In 21 days, I am locked, however briefly, into the swimming-pool eyes of Bryan Ferry. I am not prepared, but also not concerned. I am channelling my inner Carla Bruni, and stalking around in high heels as if it were trivial to stand over six feet and be afraid of nothing on earth. It’s not a stretch for me, I really actually am not afraid of anything.
I think I used to be slightly taller, but also, slightly more fearful, so. Trade-off.
Being here, being alone is intoxicating, but yes of course I miss my lover, my sons, the Other Cats, I miss Gilda Radner and Doriot and Hawaii and fresh peaches and Scott Bartky and my mother, and wish I could be everywhere at once, feel each thing in all places, pet every cat, catch every falling sparrow, kiss Bill morning and night, walk in Paris, swim in warm water, hike in the mountains, have breakfast with a friend, get drunk and dance, chat with a squirrel, drive my car, drive your car, sleep on the beach, ski, walk in the desert, swim naked at night, be alone and hold my children… all at once.
And I wish that I would never say anything badly.
But it doesn’t work that way. And anyway, about longing for what one does not have, as Evan says, it’s best to stop short of pining, which is a time sink.
I’m trying to get to know the person I am now, this person with so many questions and no questions, with different sight and blue eyes, who can suddenly recall large mounds of data and who swims in cold pools and can become a pillar of fire but yet is oddly (and not unpleasantly) hollowed out, like a log.

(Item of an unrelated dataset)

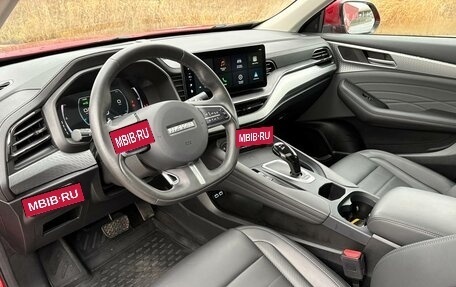 Haval F7x I, 2024 год, 2 449 000 рублей, 9 фотография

When my senses turned inside out like a Fortuneteller Bangle this summer, it was exciting and reassuring. I didn’t get any closer to the answers about why some true things are true, but over the past few months it has sunk in that maybe some answers are irrelevant, or non-existent.
Detail of a John Lautner space from the film Infinite Spaces: The Architecture of John Lautner
While I was skimming my pool that day this summer, the day my mind turned inside out, it was like a drug experience. I remember every second of it. Time slowed down, and old things slipped away.
Words seem small, useless, to talk about it.
I study Da Vinci’s geometric forms again, suspiciously, joyfully, having a better sense now of what he was drawing but not what he was looking at. I think about drawing the shapes I see, but either it’s not that simple, or I need to let go of more before I can see better.
I can feel that even after everything I’ve set down, given away, or stopped doing, that there is still everything to take off.
I am reminded of Eustace, and his dragon-skin, and I know that help is available, if I slow down enough to let it come.